The high school junior said he often expresses that thinking through his artwork, as in a piece he recently completed in Susan Langford’s studio art class. The assignment she gave to her 20 or so students was to convey a concept using a three-dimensional cast of their own hand, a drawing, and the written word.
Ivan chose peace. His project included a plaster cast of his hand, a pop-up drawing of another hand, and two sheets of paper in the center: one transparent with an olive branch drawn on the front, the other with a message written like a ransom note. The entire piece relies heavily on biblical allusion, metaphor and, as Ivan’s artist’s statement reads in part:
“I wanted to emphasize how art sacrifices even when it has nothing to give; art sacrifices to the viewer, to the creator and to the piece as a whole. … I wanted to capture the palpable feeling of desire in those who are seeking value in their lives. … The viewer can read the piece for the exact wording, but the ransom note format was an intentional metaphor to how hate can possess our lives, a ransom mitigated only by peace. For me, peace is achieved through art, serving and spirituality.”
Langford has had her students do plaster casting before, and always requires writing as part of art projects, but this was the first time her students did the project in just this way. She said she was impressed by what they achieved.
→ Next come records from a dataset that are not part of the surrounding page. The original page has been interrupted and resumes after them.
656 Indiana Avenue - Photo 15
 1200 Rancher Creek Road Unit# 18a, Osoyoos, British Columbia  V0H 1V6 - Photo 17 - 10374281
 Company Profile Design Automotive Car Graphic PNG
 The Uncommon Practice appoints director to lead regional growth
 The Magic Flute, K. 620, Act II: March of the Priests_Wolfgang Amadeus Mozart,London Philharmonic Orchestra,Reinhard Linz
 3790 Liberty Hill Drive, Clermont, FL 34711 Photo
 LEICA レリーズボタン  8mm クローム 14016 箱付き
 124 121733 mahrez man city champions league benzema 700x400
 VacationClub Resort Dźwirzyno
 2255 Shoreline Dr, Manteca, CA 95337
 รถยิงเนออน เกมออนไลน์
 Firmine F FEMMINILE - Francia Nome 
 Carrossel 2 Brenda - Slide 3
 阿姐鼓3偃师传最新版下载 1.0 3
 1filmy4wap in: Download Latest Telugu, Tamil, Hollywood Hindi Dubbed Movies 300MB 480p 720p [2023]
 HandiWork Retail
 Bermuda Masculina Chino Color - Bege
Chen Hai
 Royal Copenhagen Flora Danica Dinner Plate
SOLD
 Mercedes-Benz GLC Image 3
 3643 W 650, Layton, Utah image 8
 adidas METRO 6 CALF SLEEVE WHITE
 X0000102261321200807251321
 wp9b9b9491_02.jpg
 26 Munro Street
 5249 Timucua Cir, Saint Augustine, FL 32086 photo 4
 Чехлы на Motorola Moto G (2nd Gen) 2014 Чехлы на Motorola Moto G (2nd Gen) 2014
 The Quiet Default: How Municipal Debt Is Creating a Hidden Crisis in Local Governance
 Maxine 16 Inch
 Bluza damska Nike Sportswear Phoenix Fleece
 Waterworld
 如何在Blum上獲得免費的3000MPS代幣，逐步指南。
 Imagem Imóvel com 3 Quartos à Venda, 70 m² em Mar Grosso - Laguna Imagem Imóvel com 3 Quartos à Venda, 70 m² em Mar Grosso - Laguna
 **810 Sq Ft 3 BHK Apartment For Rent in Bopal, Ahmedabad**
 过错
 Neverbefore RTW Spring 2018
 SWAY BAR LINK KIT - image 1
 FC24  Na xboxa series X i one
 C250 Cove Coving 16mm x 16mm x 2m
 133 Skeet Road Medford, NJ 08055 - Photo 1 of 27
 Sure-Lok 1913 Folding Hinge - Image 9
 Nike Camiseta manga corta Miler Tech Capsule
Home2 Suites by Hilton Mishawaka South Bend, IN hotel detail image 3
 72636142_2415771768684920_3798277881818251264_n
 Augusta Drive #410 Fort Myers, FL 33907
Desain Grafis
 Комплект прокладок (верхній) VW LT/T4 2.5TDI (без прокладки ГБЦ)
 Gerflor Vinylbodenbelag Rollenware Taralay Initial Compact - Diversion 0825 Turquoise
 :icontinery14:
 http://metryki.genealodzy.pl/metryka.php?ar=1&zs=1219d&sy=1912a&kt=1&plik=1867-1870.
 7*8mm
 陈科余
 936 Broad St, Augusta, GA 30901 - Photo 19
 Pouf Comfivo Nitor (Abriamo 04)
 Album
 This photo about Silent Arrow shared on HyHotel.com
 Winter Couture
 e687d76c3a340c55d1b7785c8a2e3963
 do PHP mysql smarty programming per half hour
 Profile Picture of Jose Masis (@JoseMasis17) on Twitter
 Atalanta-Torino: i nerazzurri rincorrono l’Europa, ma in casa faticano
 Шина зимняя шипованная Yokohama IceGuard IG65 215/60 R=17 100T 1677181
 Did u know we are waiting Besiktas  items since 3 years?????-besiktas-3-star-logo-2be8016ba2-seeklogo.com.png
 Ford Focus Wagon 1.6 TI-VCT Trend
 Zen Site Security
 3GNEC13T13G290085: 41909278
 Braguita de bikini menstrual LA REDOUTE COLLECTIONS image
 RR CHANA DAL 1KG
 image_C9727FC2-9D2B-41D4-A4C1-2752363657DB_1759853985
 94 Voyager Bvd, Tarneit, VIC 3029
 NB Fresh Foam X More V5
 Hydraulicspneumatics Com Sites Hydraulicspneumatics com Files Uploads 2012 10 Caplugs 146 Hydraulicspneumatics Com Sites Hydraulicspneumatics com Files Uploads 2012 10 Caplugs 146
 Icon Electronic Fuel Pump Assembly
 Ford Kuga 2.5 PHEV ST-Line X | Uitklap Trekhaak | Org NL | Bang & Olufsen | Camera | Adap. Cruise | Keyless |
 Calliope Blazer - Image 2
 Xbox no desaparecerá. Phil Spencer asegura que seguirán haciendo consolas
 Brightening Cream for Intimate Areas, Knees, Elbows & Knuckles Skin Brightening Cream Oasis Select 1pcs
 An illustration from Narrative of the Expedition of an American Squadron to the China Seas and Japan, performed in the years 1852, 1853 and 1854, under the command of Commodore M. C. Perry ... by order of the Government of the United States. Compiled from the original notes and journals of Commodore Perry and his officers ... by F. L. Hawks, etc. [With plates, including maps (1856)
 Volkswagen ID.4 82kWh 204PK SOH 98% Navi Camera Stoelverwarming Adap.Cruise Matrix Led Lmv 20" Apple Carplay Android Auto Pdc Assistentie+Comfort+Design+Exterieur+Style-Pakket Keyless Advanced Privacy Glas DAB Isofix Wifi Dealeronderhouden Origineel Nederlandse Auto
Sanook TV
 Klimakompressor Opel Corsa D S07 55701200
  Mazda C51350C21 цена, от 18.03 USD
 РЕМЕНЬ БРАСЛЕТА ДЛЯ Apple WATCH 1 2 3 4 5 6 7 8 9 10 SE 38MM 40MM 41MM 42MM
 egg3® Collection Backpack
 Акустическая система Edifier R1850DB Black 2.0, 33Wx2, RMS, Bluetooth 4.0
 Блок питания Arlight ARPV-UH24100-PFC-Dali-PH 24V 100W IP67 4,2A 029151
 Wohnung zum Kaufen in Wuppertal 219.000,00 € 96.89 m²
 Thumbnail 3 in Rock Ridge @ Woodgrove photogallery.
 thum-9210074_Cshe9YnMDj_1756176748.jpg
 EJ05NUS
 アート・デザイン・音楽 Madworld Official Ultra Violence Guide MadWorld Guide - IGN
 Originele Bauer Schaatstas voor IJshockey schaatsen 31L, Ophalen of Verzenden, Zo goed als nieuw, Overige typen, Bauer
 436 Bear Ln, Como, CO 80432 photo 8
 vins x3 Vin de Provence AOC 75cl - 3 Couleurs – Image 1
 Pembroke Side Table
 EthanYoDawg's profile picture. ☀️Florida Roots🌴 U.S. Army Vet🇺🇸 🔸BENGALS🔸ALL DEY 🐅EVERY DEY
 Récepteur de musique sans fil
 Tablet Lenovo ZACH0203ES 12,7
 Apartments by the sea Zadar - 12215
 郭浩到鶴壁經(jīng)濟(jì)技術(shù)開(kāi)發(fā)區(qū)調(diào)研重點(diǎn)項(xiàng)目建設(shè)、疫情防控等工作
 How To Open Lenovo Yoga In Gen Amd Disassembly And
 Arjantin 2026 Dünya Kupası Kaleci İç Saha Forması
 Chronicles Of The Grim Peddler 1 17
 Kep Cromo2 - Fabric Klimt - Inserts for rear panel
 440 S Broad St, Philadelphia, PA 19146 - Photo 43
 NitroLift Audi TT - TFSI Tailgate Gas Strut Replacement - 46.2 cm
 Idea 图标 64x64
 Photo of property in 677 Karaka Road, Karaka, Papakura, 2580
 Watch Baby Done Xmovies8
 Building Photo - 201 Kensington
“The symbolism was exceptional, and everybody’s work on this was really, really good,” she said.
Isabella Blakely’s piece included a cast of her hand grasping one that she had drawn, covered in vines.
“Thorns represent the little problems and setbacks that can pull you down,” Isabella said.
Classmate Olivia Brenner aimed to convey her giving nature and her attachment to the people and things in her life. She illustrated this with a drawing of a hand holding flowers and a cast of her own cupped hand with real, stemmed flowers dangling between the outstretched fingers.
“I feel like I’m a very organized person, but I also have a lot of flaws,” Olivia explained. “Then there’s a conflict that I want to get out on my own but I’m still a homebody. I’m going to college, which I’m excited about but also a little afraid.”
Her piece, Olivia said, shows how “it can get confusing, but it’s all still very beautiful.”